_Problem details_: Every entry below should appear in the answer exactly as written, apart from the pictures.

_Listed records_:
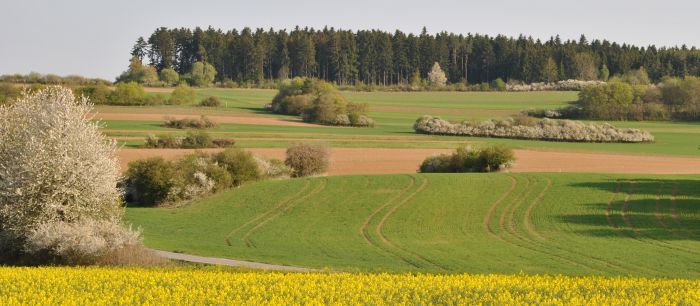 Das Bild zeigt verschiedene Größen und Formen von Feldhecken in der Kulturlandschaft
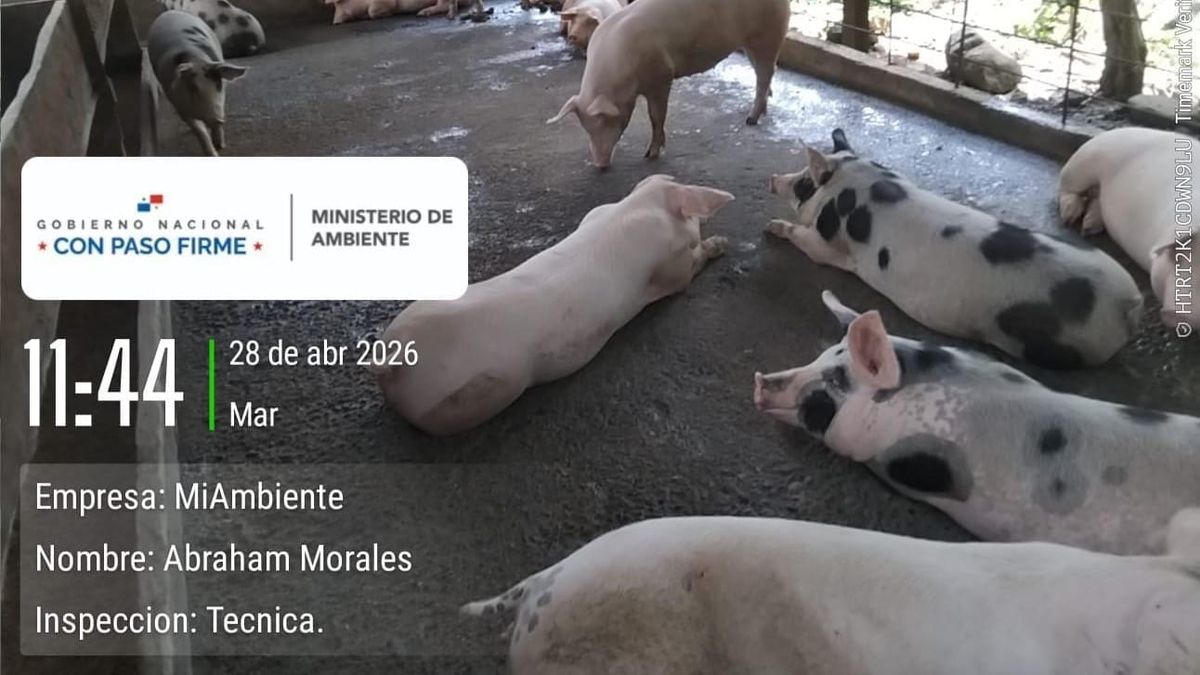 Fincas porcinas en Bocas del Toro, bajo la lupa
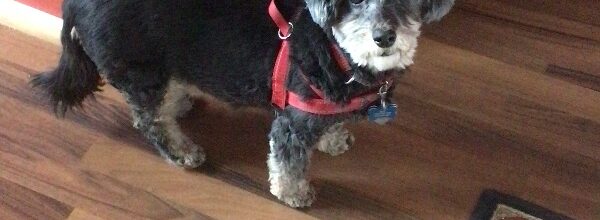 Happy Gotcha Day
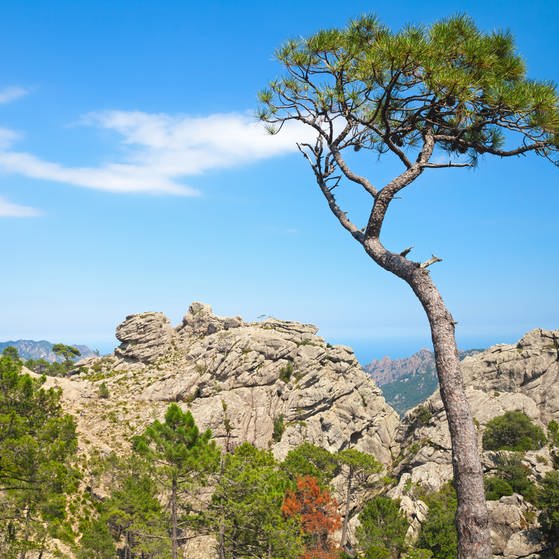 Korsika (Foto: Colourbox)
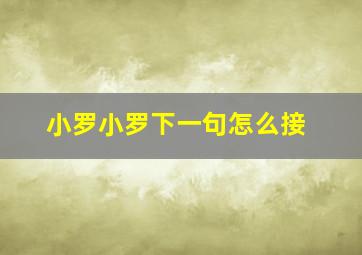 小罗小罗下一句怎么接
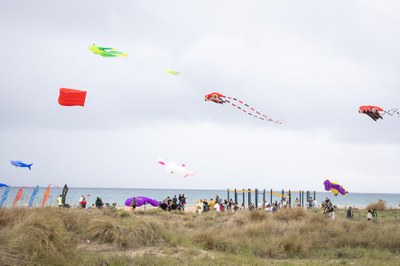 Estels volant a la platja de Castelldefels / ORIOL PAGÈS.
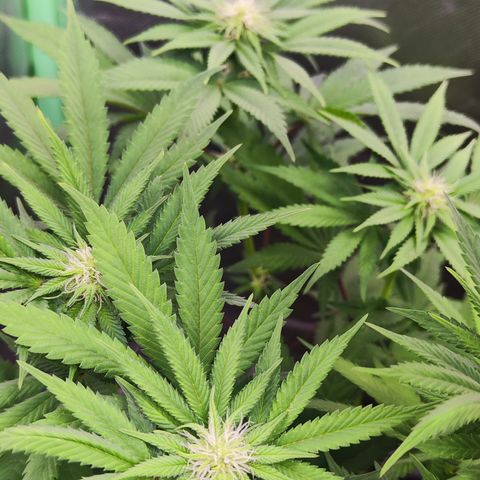 Watermelon growlog timeline photo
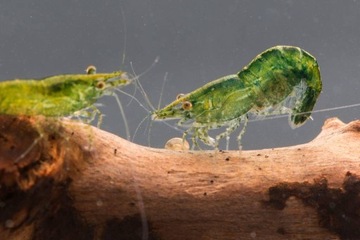 ЗЕЛЕНАЯ Креветка Neocaridina Green Jade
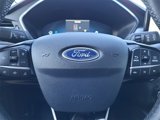 Used 2023 Ford Escape SE w/ PHEV Premium Package image 6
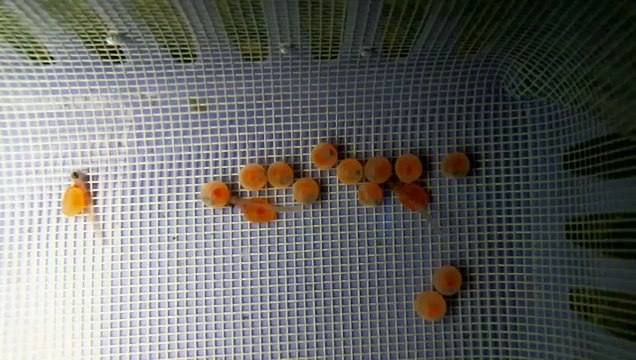 EPCAMR's Trout Tank 18 Eggs Hatched 02/14/2022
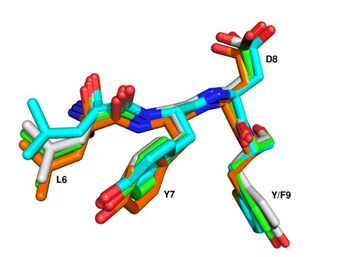 磷酸化蛋白酪氨酸激酶9抗体的应用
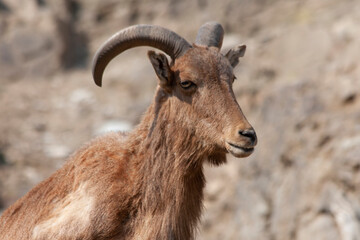 close up of a mountain goat at rocks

_Task response_:
 Das Bild zeigt verschiedene Größen und Formen von Feldhecken in der Kulturlandschaft
 Fincas porcinas en Bocas del Toro, bajo la lupa
 Happy Gotcha Day
 Korsika (Foto: Colourbox)
 小罗小罗下一句怎么接
 Estels volant a la platja de Castelldefels / ORIOL PAGÈS.
 Watermelon growlog timeline photo
 ЗЕЛЕНАЯ Креветка Neocaridina Green Jade
 Used 2023 Ford Escape SE w/ PHEV Premium Package image 6
 EPCAMR's Trout Tank 18 Eggs Hatched 02/14/2022
 磷酸化蛋白酪氨酸激酶9抗体的应用
 close up of a mountain goat at rocks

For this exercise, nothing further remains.